* Task directions *
Without the images, output every record exactly as it appears.

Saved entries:
· · · ·

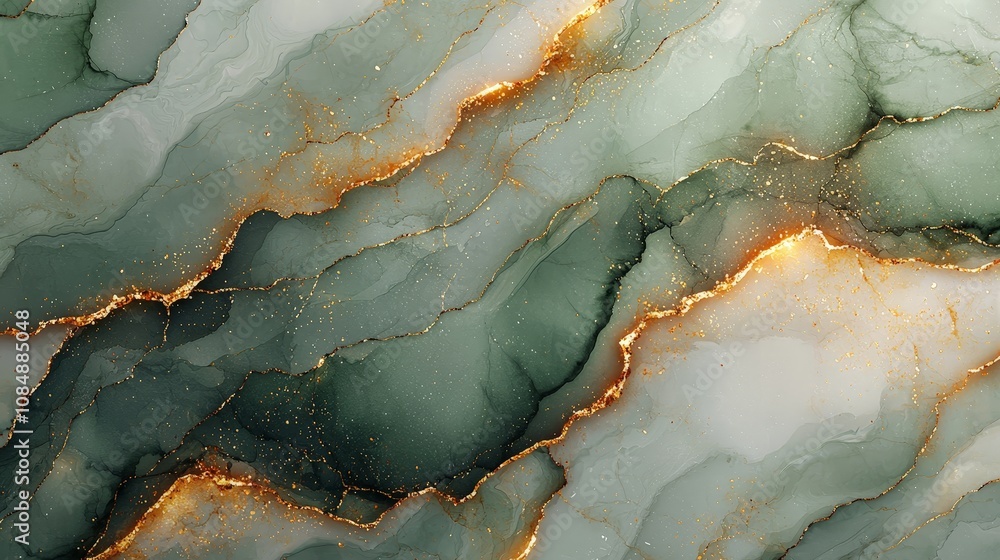 Abstract green and white marble texture with golden accents. Abstract green and white marble texture with golden accents.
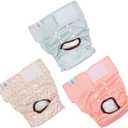 CuteBone Dog Diapers Female Washable Large 3 Pack Reusable Doggie Diapers Puppy Period Pants for Doggy Heat Cycle Peeing, L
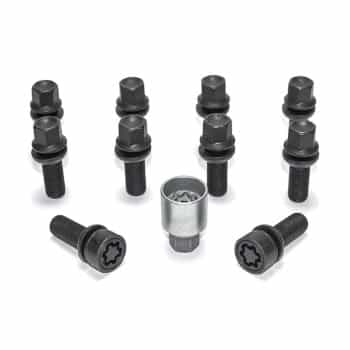 H&R Jeu de boulons de roue convexe R13 M14x1,50 - Longueur 32 mm - Noir - 10 pièces (par exemple Audi S5) - incl.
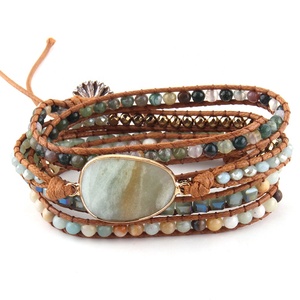 Gioielli di perline di moda fatti a mano pietre naturali miste cristallo <span class=keywords><strong>quarzo</strong></span> <span class=keywords><strong>rosa</strong></span> pietra fascino 5 fili bracciali avvolgenti - Product Image 5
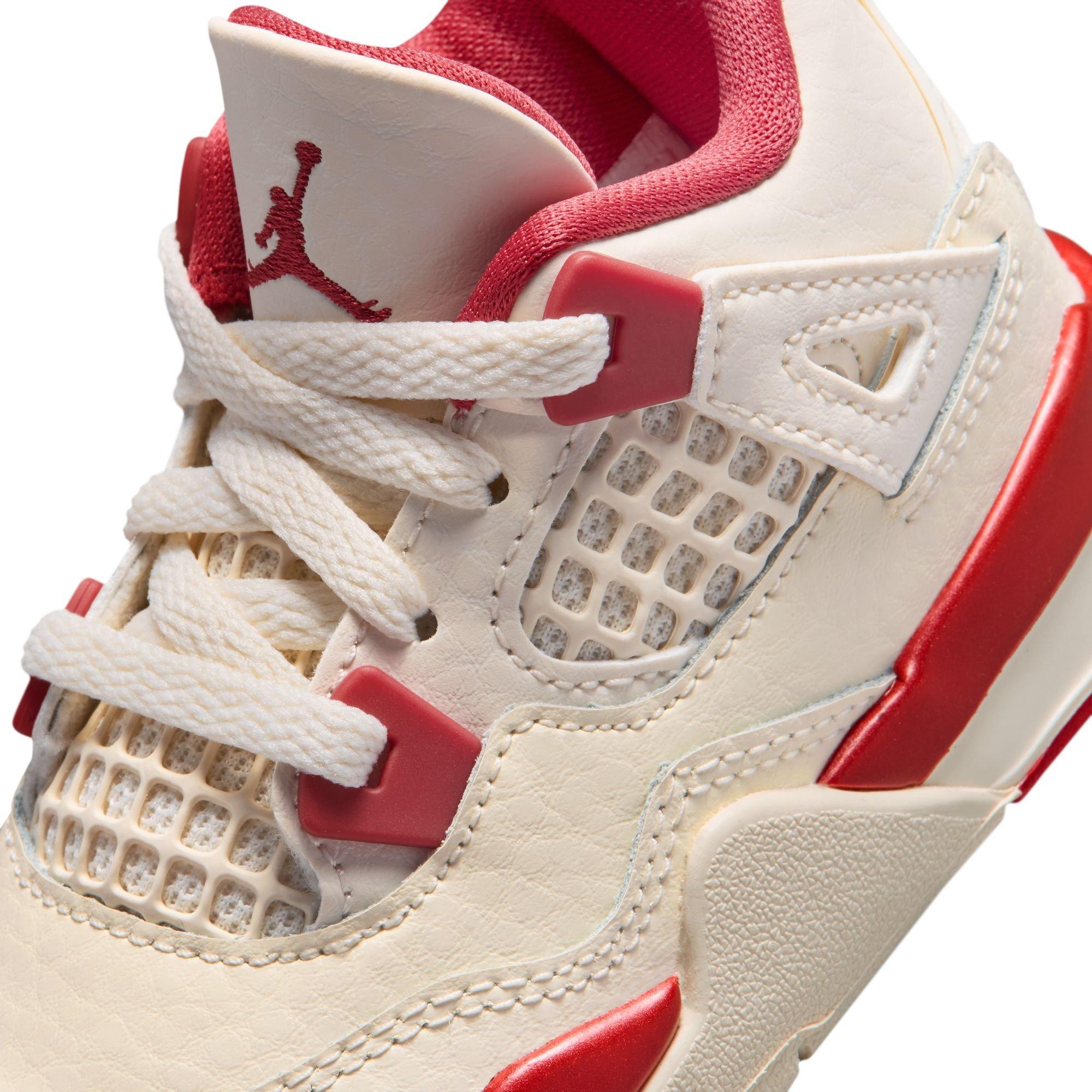 Jordan 4 Retro &ldquo;Sierra Red&rdquo; Toddler Girls' Shoe - PALE IVORY/SIERRA RED Thumbnail View 5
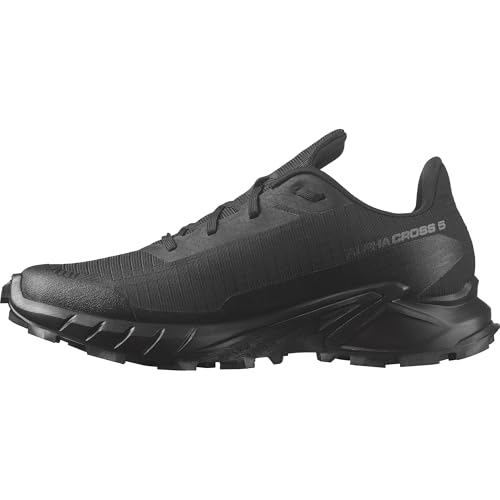 Salomon Alphacross 5 Zapatillas de Trail Running para Mujer, Agarre potente, Comodidad duradera, Rendimiento versátil, Black, 38 2/3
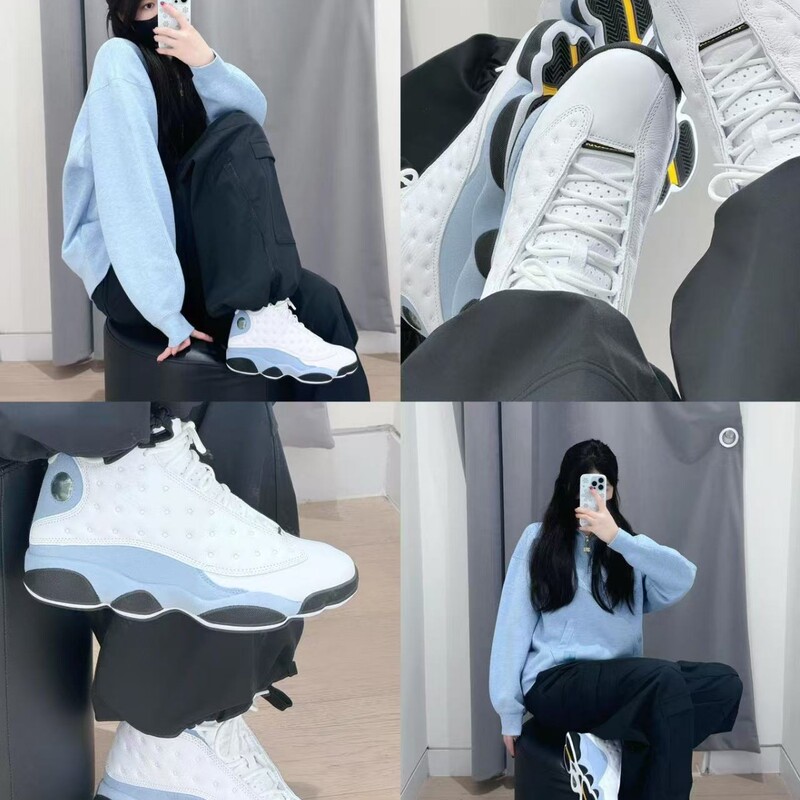 High-Quality Air Jordan 13 High-Top Basketball Shoes for Men and Women, Versatile Classic Black and White Panda Desert Red Aj13 Sneakers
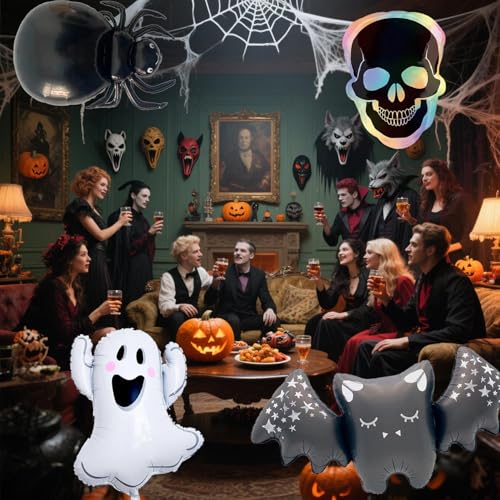 Halloween Foil Balloons Ghost Bat Skull Spidey Balloon Set - Black & White, 4 Pcs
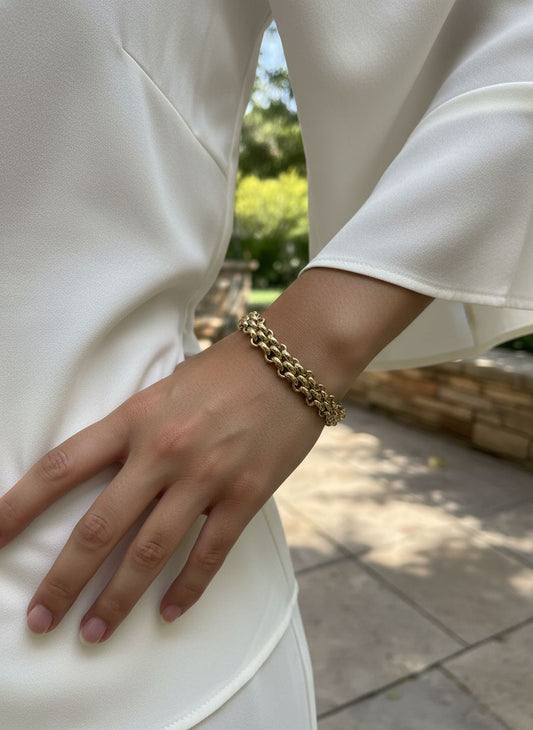 Bracelet chaîne à maillons larges style classique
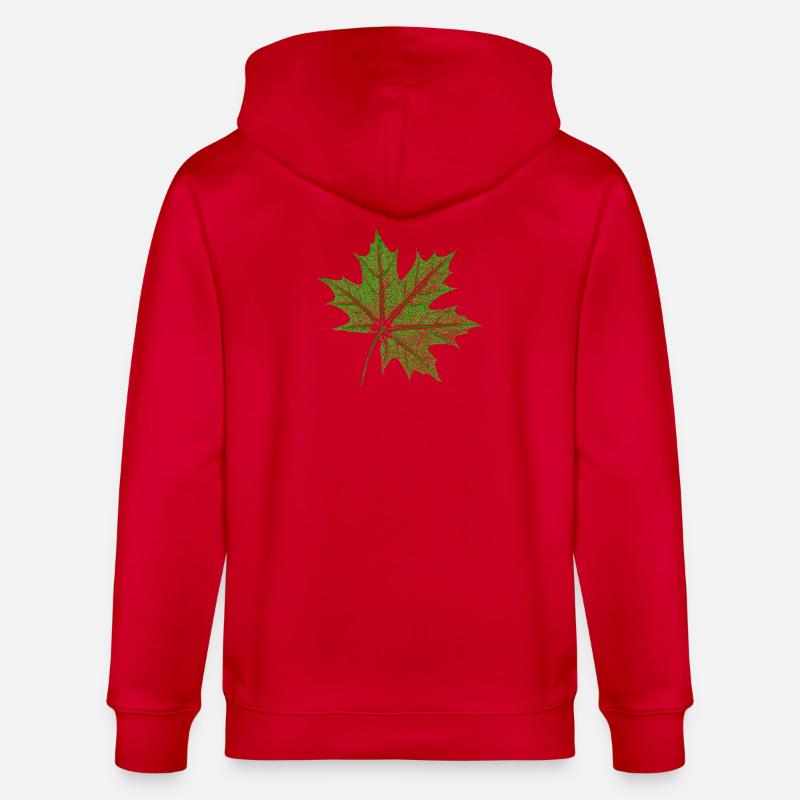 Érable feuillu / Feuille d’érable - Veste à capuche bio CULTIVATOR Stanley/Stella Unisexe - rouge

· · · ·

* Output of the exercise *
 Abstract green and white marble texture with golden accents. Abstract green and white marble texture with golden accents.
 CuteBone Dog Diapers Female Washable Large 3 Pack Reusable Doggie Diapers Puppy Period Pants for Doggy Heat Cycle Peeing, L
 H&R Jeu de boulons de roue convexe R13 M14x1,50 - Longueur 32 mm - Noir - 10 pièces (par exemple Audi S5) - incl.
 Gioielli di perline di moda fatti a mano pietre naturali miste cristallo <span class=keywords><strong>quarzo</strong></span> <span class=keywords><strong>rosa</strong></span> pietra fascino 5 fili bracciali avvolgenti - Product Image 5
 Jordan 4 Retro &ldquo;Sierra Red&rdquo; Toddler Girls' Shoe - PALE IVORY/SIERRA RED Thumbnail View 5
 Salomon Alphacross 5 Zapatillas de Trail Running para Mujer, Agarre potente, Comodidad duradera, Rendimiento versátil, Black, 38 2/3
 High-Quality Air Jordan 13 High-Top Basketball Shoes for Men and Women, Versatile Classic Black and White Panda Desert Red Aj13 Sneakers
 Halloween Foil Balloons Ghost Bat Skull Spidey Balloon Set - Black & White, 4 Pcs
 Bracelet chaîne à maillons larges style classique
 Érable feuillu / Feuille d’érable - Veste à capuche bio CULTIVATOR Stanley/Stella Unisexe - rouge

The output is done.